A hearty campfire dinner and a few s’mores follow a sun-drenched afternoon of camaraderie fostering reconnoitering in the woods. Heading off to bed, my awaiting sleeping bag sits atop a pile of leaves. A full-stomach, in sync with nature, a clear night – I need no tent.
A decision I regret when, around midnight, a howling wind arrives, bringing with it sleet, that turns to ice, then snow. Soon my campfire is no more and never will be again. In its place is a snowdrift. Clothes wet, feet cold, daylight where are you?
Now too windy to put up my tent, God in heaven I hope to survive. Into my backpack everything goes except the four eggs, bacon, bread, and butter I leave out for breakfast. Soon, Nature—a gracious host 7 hours ago—freezes the eggs, turns the bread to mush, and makes the bacon, well, I cannot describe its state, other than to say it is disgusting. A lone stick of butter, safe in a plastic container, is all that avoids Nature’s wrath. Putting the container in my parka pocket, I move around the best I can to stay avoid getting colder.

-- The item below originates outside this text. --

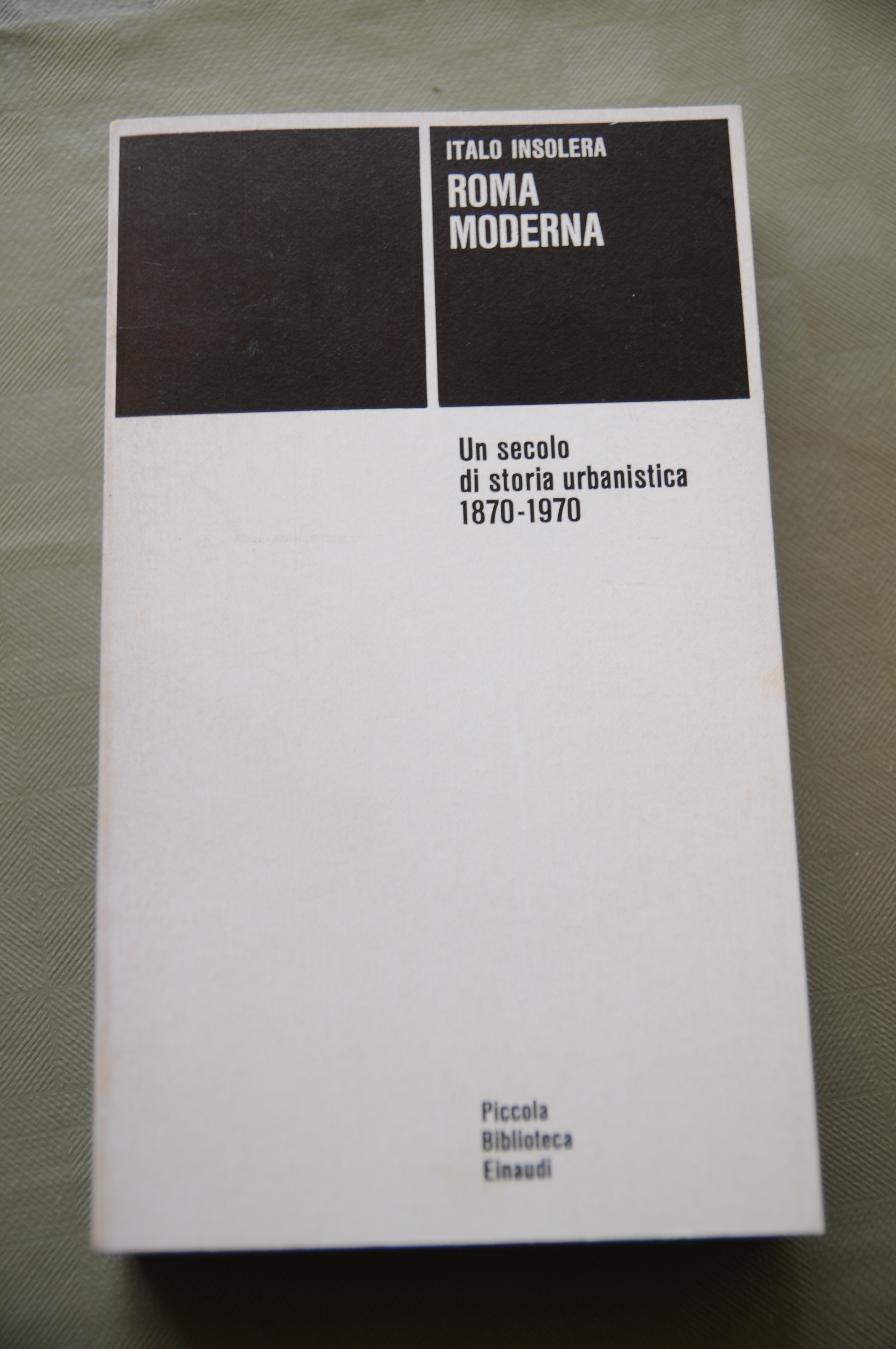 roma moderna NUOVISSIMO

Sleep-deprived and miles away from home, tears well up in my eyes. I want to cry, but fight back. A man, a scout no less, does not cry.
The trees heaving to and fro in the darkness are no competition for the malevolent winds. Whack, a limb snaps. Bam it hits the ground. Frightened, tears flow freely. I miss my mom. Her gentle touch would feel so good. A warm piece of her cornbread, covered in honey, is what I crave. I long for the comfort of my warm, dry, and quilt covered bed. As the jagged, blowing snow peppers my face, “I want to go home now,” screams in my head.
Finally, one small, sad ray of sunlight peeks over the horizon. The moment it hits our camp, patrol leader Patrick’s half frozen “Whee, wheeeeee, wheee,” calls us together. We form a discombobulated mass of humanity and gear. Across the creek we go. Along the hedgerow and by McMurray’s Dairy Farm we trudge. Weary, wet, cold, and hungry I unwrap the stick of butter—breakfast!
As we slop by the Country Club and through the town, no cheers, bugle blows, or proud “that there’s my boy” greet us. Our flag, hangs low. At the town square, we exchange no words. Disheartened we disband, to our homes we do go.
On this trip to my Heartland, I am reminded how on a night 54-years ago the winds of manhood left me with an undying appreciation of home. Now, as then, I long for a place of shelter, nourishment, and comfort when the winds blow. I seek an emotional safe-place, a wellspring of love and support to survive life’s storms. Heartland is that place, it is my home of homes.
Like me, every child faces challenges, some real, others imagined, many self-inflicted. Fortunately, a Heartland awaits each child. Helping a child find her or his own Heartland is the greatest gift we as parents and teachers can possibly give. I know, because that night I found my Heartland, and countless times since, its magnetic pull gets me through.